Progress has slowed towards closing the gap between the most and least advantaged students starting degrees at top universities, new data from Ucas has shown.
Data published by the university-admissions body reveals a record 19.7 per cent of young people classified as living in the most disadvantaged areas of the UK were accepted to start a course in September 2018.
This was up 0.4 percentage points, and 1.8 per cent proportionally, from 2017.
However, students from the most advantaged areas remain more tan 2.3 times more likely to start an undergraduate course than those from the most disadvantaged areas.
Ucas found that progress has slowed in decreasing the ratio of advantaged to disadvantaged students attending the highest-tariff universities.

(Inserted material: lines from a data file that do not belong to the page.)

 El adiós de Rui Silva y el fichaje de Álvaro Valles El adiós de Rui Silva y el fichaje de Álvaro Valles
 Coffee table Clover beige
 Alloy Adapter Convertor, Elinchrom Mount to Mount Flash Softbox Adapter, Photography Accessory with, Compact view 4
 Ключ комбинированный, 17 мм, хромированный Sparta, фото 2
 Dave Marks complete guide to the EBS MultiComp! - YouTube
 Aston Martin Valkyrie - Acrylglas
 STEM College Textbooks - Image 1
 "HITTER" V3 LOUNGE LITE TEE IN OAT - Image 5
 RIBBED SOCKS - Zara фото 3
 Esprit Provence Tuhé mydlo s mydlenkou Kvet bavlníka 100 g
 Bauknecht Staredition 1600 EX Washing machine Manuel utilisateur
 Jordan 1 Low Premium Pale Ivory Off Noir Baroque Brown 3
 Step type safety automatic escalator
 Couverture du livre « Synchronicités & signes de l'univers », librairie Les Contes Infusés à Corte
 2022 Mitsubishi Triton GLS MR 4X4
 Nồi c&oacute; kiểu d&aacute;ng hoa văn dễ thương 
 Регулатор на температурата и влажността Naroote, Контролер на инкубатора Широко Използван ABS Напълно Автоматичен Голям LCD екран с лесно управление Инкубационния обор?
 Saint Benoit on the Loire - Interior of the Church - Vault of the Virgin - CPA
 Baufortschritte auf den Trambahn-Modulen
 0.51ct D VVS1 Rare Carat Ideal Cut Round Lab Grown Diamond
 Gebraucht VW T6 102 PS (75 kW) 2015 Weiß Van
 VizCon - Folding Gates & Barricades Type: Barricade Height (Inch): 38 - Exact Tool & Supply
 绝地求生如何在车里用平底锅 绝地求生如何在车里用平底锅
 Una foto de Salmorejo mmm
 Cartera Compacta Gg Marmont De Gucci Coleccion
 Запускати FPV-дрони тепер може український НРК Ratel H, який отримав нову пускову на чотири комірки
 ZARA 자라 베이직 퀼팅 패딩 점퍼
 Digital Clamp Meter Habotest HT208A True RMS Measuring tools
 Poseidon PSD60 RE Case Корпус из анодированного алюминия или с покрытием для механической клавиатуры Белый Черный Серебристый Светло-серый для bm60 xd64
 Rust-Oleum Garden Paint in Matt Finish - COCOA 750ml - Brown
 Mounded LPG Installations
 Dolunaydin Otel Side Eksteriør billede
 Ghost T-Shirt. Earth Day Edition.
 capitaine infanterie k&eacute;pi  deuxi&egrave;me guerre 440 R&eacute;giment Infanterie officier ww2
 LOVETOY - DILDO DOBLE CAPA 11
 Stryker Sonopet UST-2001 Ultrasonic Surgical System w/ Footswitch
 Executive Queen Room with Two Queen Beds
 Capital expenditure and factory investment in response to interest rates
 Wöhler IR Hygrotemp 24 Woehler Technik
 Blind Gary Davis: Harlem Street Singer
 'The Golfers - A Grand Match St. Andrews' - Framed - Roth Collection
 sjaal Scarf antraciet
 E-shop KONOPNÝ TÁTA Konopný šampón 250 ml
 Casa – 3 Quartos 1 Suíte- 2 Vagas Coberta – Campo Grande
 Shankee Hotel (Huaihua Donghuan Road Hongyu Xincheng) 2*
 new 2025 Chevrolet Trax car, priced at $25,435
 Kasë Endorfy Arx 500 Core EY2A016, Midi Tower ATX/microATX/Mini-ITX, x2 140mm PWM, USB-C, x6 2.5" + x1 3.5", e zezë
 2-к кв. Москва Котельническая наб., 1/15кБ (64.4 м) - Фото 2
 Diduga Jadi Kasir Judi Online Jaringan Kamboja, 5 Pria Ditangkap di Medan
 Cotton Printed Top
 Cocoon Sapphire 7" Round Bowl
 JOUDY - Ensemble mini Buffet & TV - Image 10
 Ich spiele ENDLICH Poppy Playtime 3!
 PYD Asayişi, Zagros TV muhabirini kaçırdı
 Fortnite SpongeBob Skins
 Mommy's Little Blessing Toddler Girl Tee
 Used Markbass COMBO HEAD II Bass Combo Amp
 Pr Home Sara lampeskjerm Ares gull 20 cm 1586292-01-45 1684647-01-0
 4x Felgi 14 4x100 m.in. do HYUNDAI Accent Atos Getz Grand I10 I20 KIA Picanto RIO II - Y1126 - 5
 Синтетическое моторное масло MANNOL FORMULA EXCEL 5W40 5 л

Young people from the most advantaged areas are 5.74 times more likely to study at a higher-tariff university than those from the most disadvantaged areas.
While the gap at higher-tariff universities has reduced every year since 2009, this year’s reduction was only about a fifth of that seen in recent years.
Clare Marchant, Ucas’ chief executive, said: “While it’s encouraging to see record levels of students from the most disadvantaged areas going to university, the slow progress in closing the gap is disheartening.
“It’s clear that targeted outreach activities need to continue, highlighting to students from all backgrounds the experience, challenge and opportunities degree study can bring.”
The statistics also show that women across the UK continue to be more likely to enter higher education, with 38.3 per cent of 18-year-olds starting a course, compared with 28 per cent of young men.